Bersama Kawal Kasus Penembakan Laskar FPI

Selasa, 15 Desember 2020 - 05:08 WIB
Kepolisian melakukan re konstruksi kasus penembakan enam anggota Laskar Front Pembela Islam (FPI) di Km 50 Tol Jakarta-Cikampek, Minggu (13/12/2020) (Ilustrasi: Koran Sindo/Wawan Bastian)
MINGGU (13/12) malam, kepolisian mulai membuka pintu transparansi kasus penembakan enam anggota Laskar Front Pembela Islam (FPI) lewat rekonstruksi kejadian di Km 50 Tol Jakarta-Cikampek. Kendati bisa dibilang lambat, langkah kepolisian ini setidaknya menjadi starting point untuk menyibak tabir kematian anak buah Habib Rizieq Shihab (HRS) tersebut.

Kaget, geram, dan kecewa kala menyimpulkan pergelaran rekonstruksi adalah wajar. Demikian pula bagi yang berada di balik pendukung kerja polisi, sikap salut, bangga yang mereka ungkapkan adalah hal biasa. Lebih-lebih di era post truth saat ini, semua orang seolah bebas membuat narasi, menginterpretasi dan berupaya memengaruhi opini publik.

Yang terpenting, hak-hak warga negara dalam menyuarakan pendapatnya itu disampaikan dengan proporsional. Jangan sampai ada upaya menekan-nekan, apalagi diliputi dengan aksi kekerasan. Semua tentu menyepakati bahwa cara kekerasan hanya akan melahirkan kekerasan berikutnya. Maka, cara itu bukanlah solusi yang hakiki.
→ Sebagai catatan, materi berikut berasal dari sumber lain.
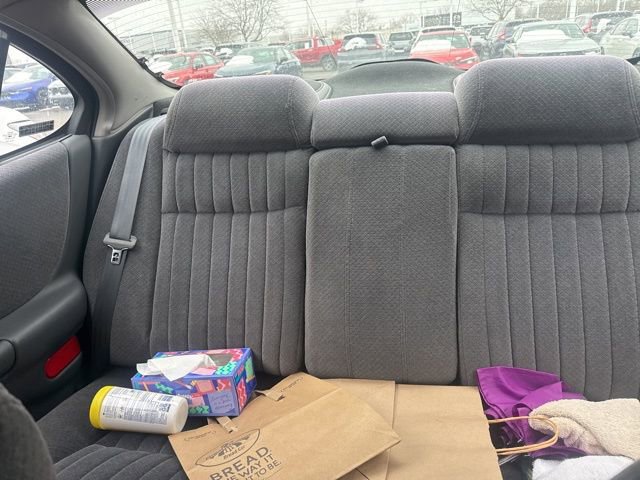 Used 2000 Pontiac Grand Prix GT w/ Opt Pkg image 6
Di luar gaduhnya informasi ranah media sosial yang kebanyakan minim dukungan fakta, sejumlah kalangan juga sudah proaktif berupaya mengungkap kasus ini seperti dilakukan Komisi III DPR dan Komnas HAM. Bahkan, kemarin, Komnas HAM telah memanggil Kapolda Metro Jaya Irjen Pol Fadil Imran untuk diklarifikasi atas peristiwa tersebut. Ini lagi-lagi sebuah kemajuan dan langkah nyata ketimbang perang narasi yang tak berkesudahan.

Begitu besarnya perhatian publik dan berbagai lembaga infrastruktur maupun suprastruktur politik ini harus dimaknai sebagai wasilah untuk mendapatkan kesimpulan yang paling mendekati kebenaran. Aspek kebenaran ini harus menjadi muara yang perlu disepakati bersama untuk menjawab segala keraguan di balik insiden penembakan tengah malam di jalur bebas hambatan tersebut.

Memang, di balik rekonstruksi oleh polisi pada Minggu malam, tampak terlihat ada beberapa kerancuan-kerancuan. Di lain pihak, polisi tentu memiliki dalih yang tak kalah kuat untuk menjadi dasar kenapa enam laskar tersebut harus dihilangkan nyawanya. Sedemikiankah aksi para pengawal HRS itu membahayakan keselamatan aparat? Benarkah para laskar tersebut dibekali senjata api maupun senjata tajam? Secuil pertanyaan itulah yang di antaranya perlu segera dijawab oleh aparat.

Terbentuknya tim penyelidikan oleh Komnas HAM menjadi harapan besar publik akan terungkapnya kasus ini seterang-terangnya. Lebih dari itu, publik juga menunggu apakah kasus ini hanyalah insiden lapangan atau bagian dari kerangka besar (grand design) dari kelompok tertentu. Semua harus mampu dijawab tuntas. Publik juga didorong tak henti melakukan pengawalan kasus ini. Jangan sampai kasus ini “masuk angin” di tengah jalan.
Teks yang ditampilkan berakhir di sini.